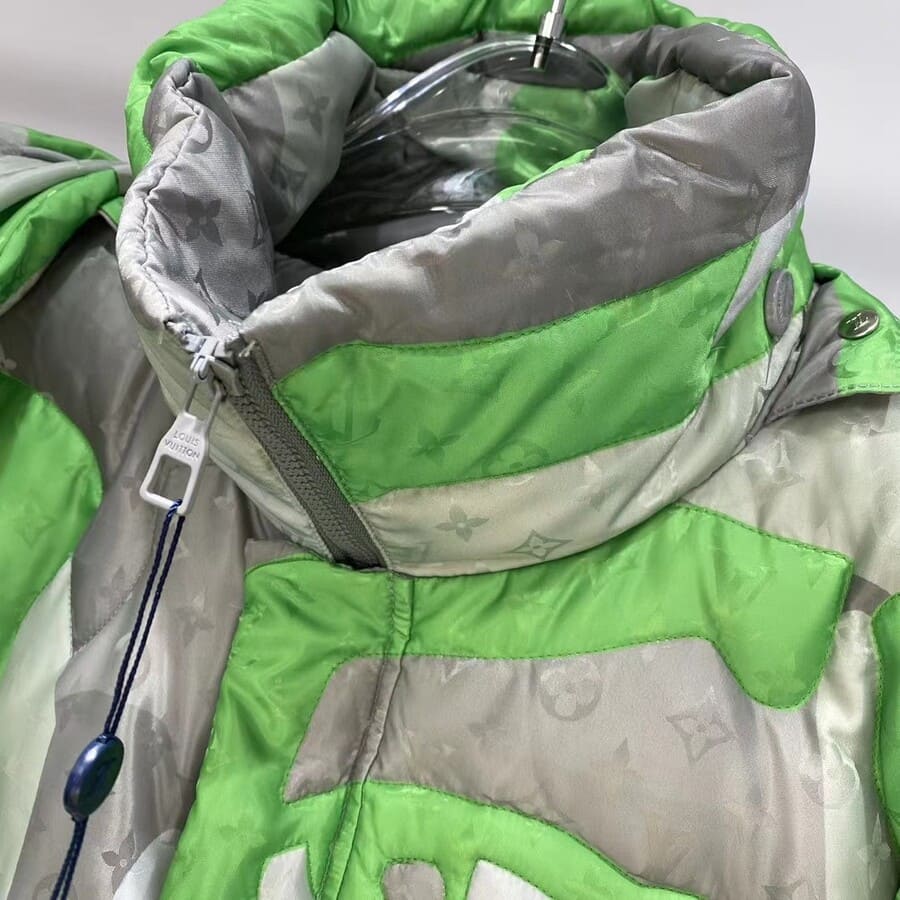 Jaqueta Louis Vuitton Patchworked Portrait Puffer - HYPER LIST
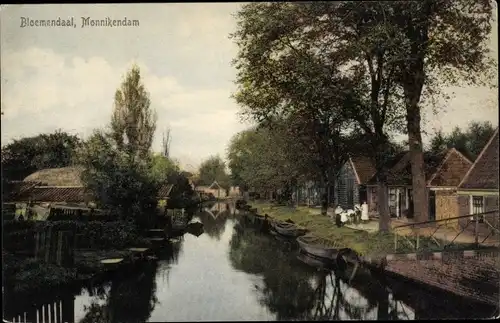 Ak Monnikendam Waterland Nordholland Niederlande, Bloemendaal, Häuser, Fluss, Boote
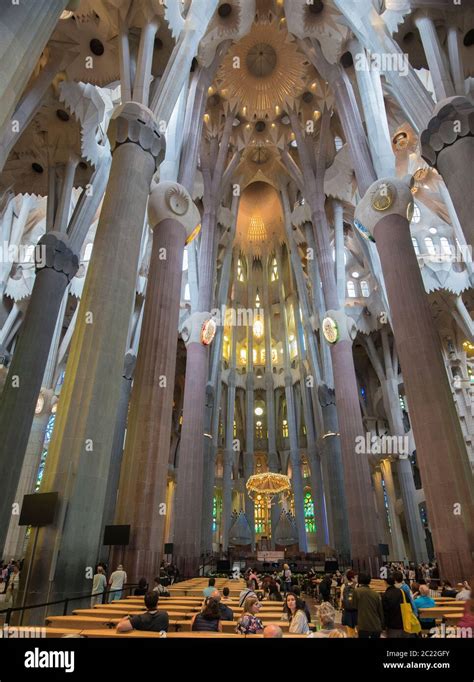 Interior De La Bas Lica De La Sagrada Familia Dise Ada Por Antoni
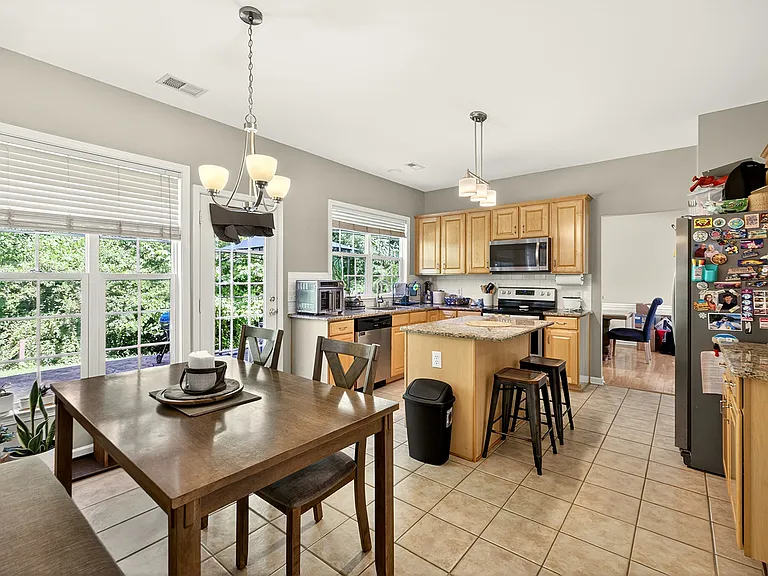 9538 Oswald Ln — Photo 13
※ ※ ※
#### Exercise prompt
A word-for-word copy of the material is required; pictures stay out of it.

#### Completed task
 Jaqueta Louis Vuitton Patchworked Portrait Puffer - HYPER LIST
 Ak Monnikendam Waterland Nordholland Niederlande, Bloemendaal, Häuser, Fluss, Boote
 Interior De La Bas Lica De La Sagrada Familia Dise Ada Por Antoni
 9538 Oswald Ln — Photo 13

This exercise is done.